An Encounter with William Gladstone

In June 1891, William Gladstone, the former prime minister and in opposition until the following year, paid a visit to Holmbury St Mary, near Dorking in Surrey.  He attended church on Sunday, whilst staying as a guest of fellow politician, E. F. Leveson-Gower, whose family had first built a country house in the village in 1860 and had done much to promote the area as a country retreat for the wealthy but within easy travelling distance of London by railway.

In a report which appeared in several newspapers, on leaving church Gladstone was ‘accosted by a local carrier, attired in a smock frock’.  The carrier shaking hands with him,  ‘ventured a few remarks upon the poor-law out-relief system’, it would appear in much the same way that members of the public are now occasionally able to ambush electioneering politicians about various causes.  Gladstone had become more liberal over the course of his career, the investigative journalist, W T Stead summing this up in 1892:

At home his chief exploits have been the reform of the tariff, the establishment of Free Trade, and the repeal of the paper duty.
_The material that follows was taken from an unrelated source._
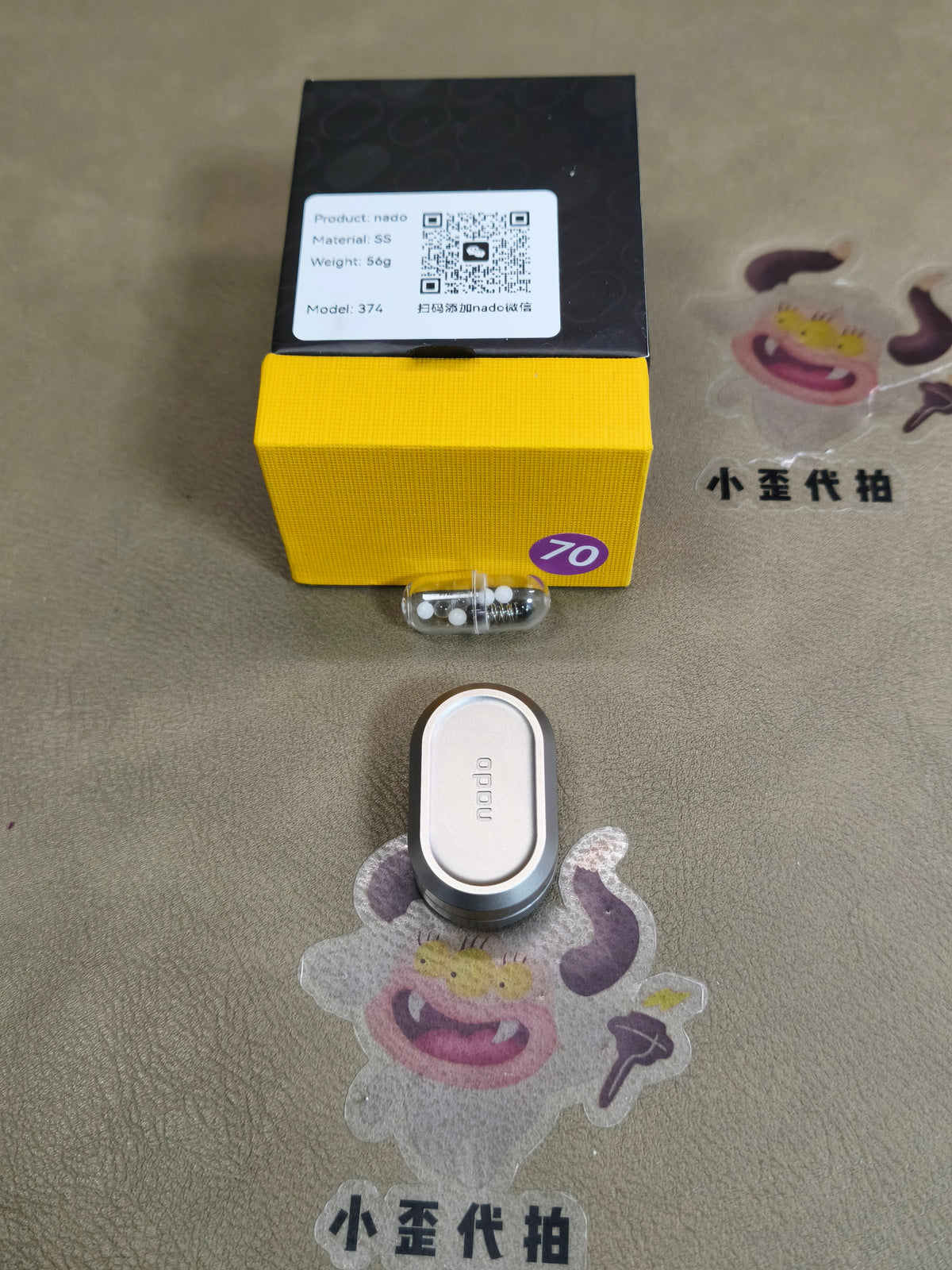 Nado Stainless Steel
He was the real author of the extension of the franchise to the workmen of the towns, and the actual author of the enfranchisement of the rural house holder. He established secret voting, and agreed to give effect to the Tory demand for single-member constituencies. It was in his administration that the first Education Act was passed, and that purchase in the Army was abolished. He has done his share in the liberation of labour from the Combination Laws, in the emancipation of the Jews, and in the repeal of University Tests.

W. T. Stead (The Review of Reviews, vol. V, May, 1892) p. 453.
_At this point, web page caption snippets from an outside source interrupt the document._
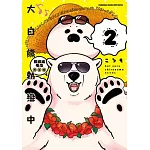 大白熊熱戀中 (2)（限定版）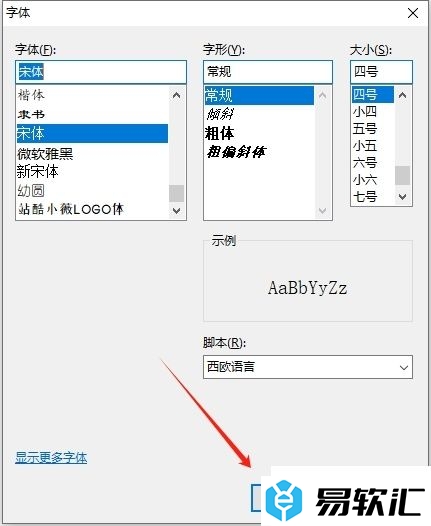 ​MyText修改文本字体的教程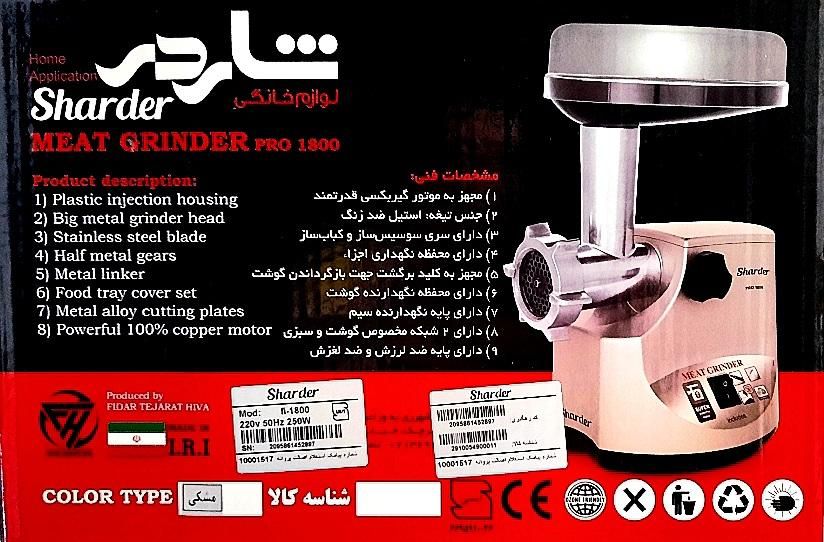 چرخ گوشت شاردر باضمانت یکسال تعویض|خردکن، آسیاب، غذاساز|اصفهان, شهرک کاوه|دیوار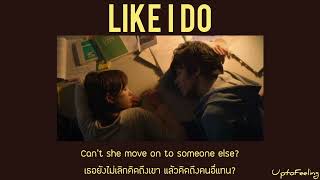 Thaisub  Like I Do  Matthew Lfield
The G.O.M., as the newspaper referred to him, that is the ‘Grand Old Man’, was seen as a friend of the working man in the days before the Labour Party, both in the town and country.  The carrier, emboldened by his first contact, and acting against type as a stupid, boorish smock-frock wearer, then wrote a letter to Gladstone outlining his ideas on the out-door relief system and the incumbent government proposals on it.  Delivering it to the house where Gladstone was staying, he also gave some home-made butter to Mrs Gladstone.

Both the letter and the butter were acknowledged by Mrs Gladstone, but nothing was heard from the G.O.M. himself, the newspaper reports suggesting that maybe he had run out of his postcards.  Gladstone was a well-known user of postcards and many survive from his hand. Growing in popularity since the Newspaper Postage Bill of 1870, postcards were at first seen as ridiculous, having no privacy, insulting in their briefness to the receiver, and debasing the art of letter writing with their necessary brevity.  For Gladstone, the economy of both the space and the cost seemingly appealed to him and he used them widely.  The Times reported on the history of the postcard on 1 November 1899, noting that Gladstone had ‘made countless numbers happy by the receipt of a card bearing his well-known writing’.  Thus by the end of the nineteenth century, they were seen as ‘most useful’ and ‘indispensable’, the text messages of their day perhaps?  The newspaper report in 1891 remarked somewhat sardonically about this encounter in Surrey however, that Gladstone ‘ought to have sent his customary postcard giving his views on butter-making’ to the carrier.  Although a swipe at Gladstone, it also perhaps, backhandedly, re-enforced the view for newspaper readers about those wearing smock frocks – they would understand comments about butter making, not Gladstone’s answer to a query about poor law proposals, despite evidence to the contrary.